DATA SHOWN -
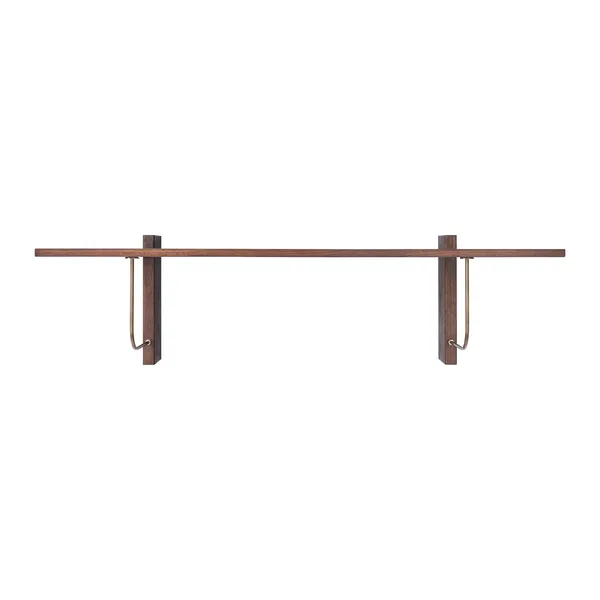 Corbel Wall Desk Dark Stained Oak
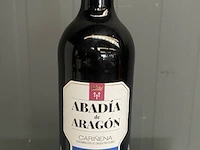 6 flessen abadia de aragon - rode wijn - 2022 - spanje - afbeelding 1 van  3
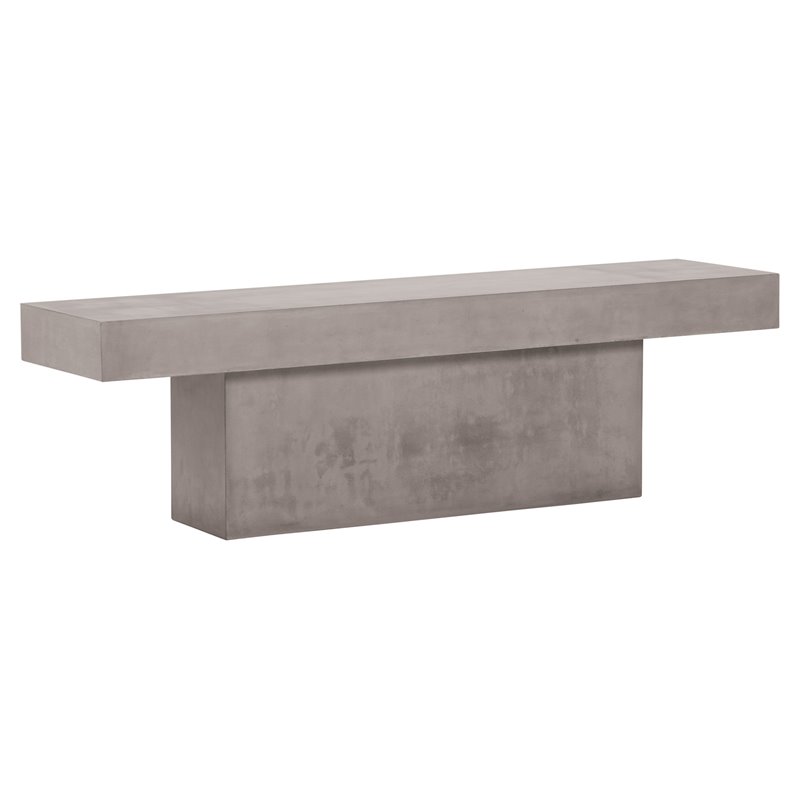 Seasonal Living Perpetual T-Bench Concrete Dining Bench in Slate Gray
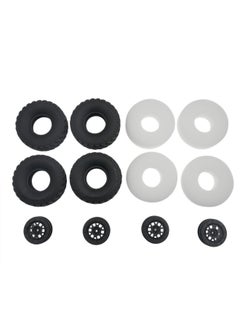 Naughty Dragon C54 Original Tire Four-wheel Drive Pickup Truck Off-road Vehicle Tire Upgrade Modification DIY PARTS Accessories-Color:WPL C54 Super Soft Tire Set 4 (including Sponge) With Wheel Hub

BRIEF -
When you repeat the listing, keep it exact and leave the pictures behind.

WRITTEN RESPONSE -
 Corbel Wall Desk Dark Stained Oak
 6 flessen abadia de aragon - rode wijn - 2022 - spanje - afbeelding 1 van  3
 Seasonal Living Perpetual T-Bench Concrete Dining Bench in Slate Gray
 Naughty Dragon C54 Original Tire Four-wheel Drive Pickup Truck Off-road Vehicle Tire Upgrade Modification DIY PARTS Accessories-Color:WPL C54 Super Soft Tire Set 4 (including Sponge) With Wheel Hub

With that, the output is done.